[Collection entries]
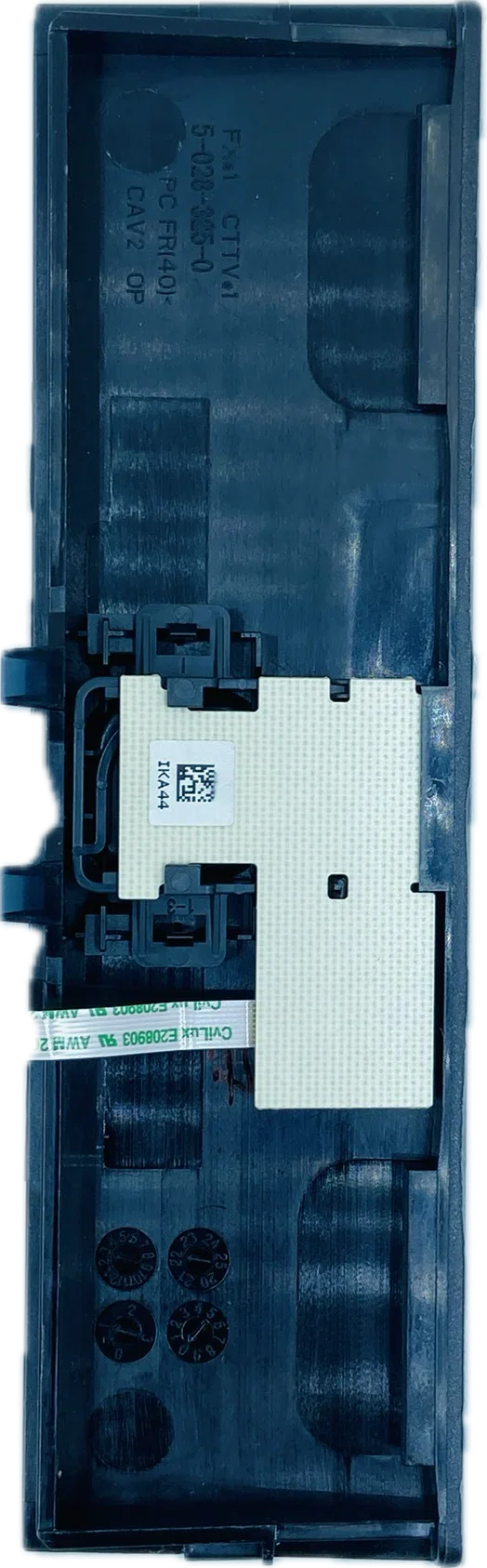 Sony LED TV IR Sensor (Power Button) for Model KD 43X74K - Great Bharat Electronics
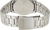Reloj Casio MTP-V001D-1B Hombre acero en internet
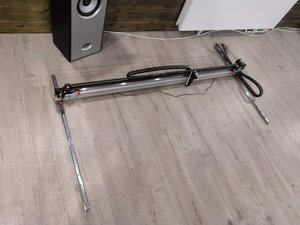 IMG_20190423_205843.jpg (1948 просмотров) <a class='original' href='https://cnc-club.ru/forum/download/file.php?id=162938&mode=view' target=_blank>Загрузить оригинал (171.4 КБ)</a>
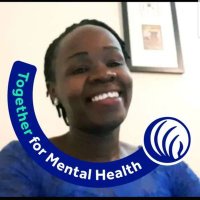 Elizabeth Okello (@lizabethokello) 's Twitter Profile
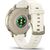 Garmin Venu 4 41mm AMOLED GPS Smartwatch Gold/Beige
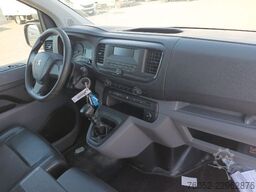 Peugeot Mod. Vers.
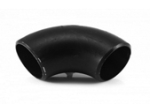 3" NB LONG RAD 90 DEG ELBOW ASTM A234 SCH XS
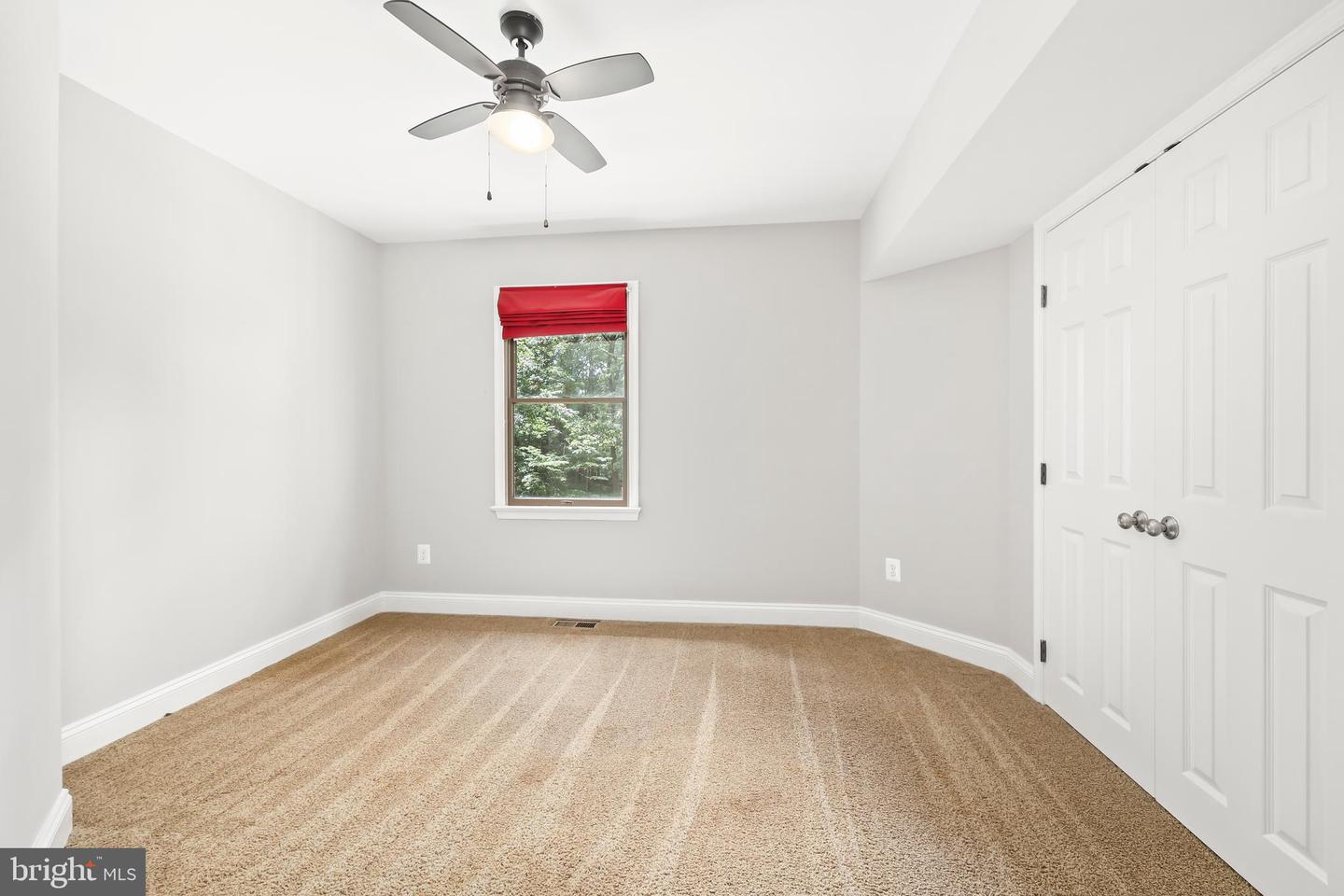 7333 FOX CALL LN, WARRENTON, Virginia 20186, 5 Bedrooms Bedrooms, ,3 BathroomsBathrooms,Residential,For sale,7333 FOX CALL LN,VAFQ2017810 MLS # VAFQ2017810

The task:
From the line that contains "A234 SCH XS" to the last line of the data above, inclusive, transcribe every line exactly and only those lines, omitting pictures.

Output of the exercise:
 3" NB LONG RAD 90 DEG ELBOW ASTM A234 SCH XS
 7333 FOX CALL LN, WARRENTON, Virginia 20186, 5 Bedrooms Bedrooms, ,3 BathroomsBathrooms,Residential,For sale,7333 FOX CALL LN,VAFQ2017810 MLS # VAFQ2017810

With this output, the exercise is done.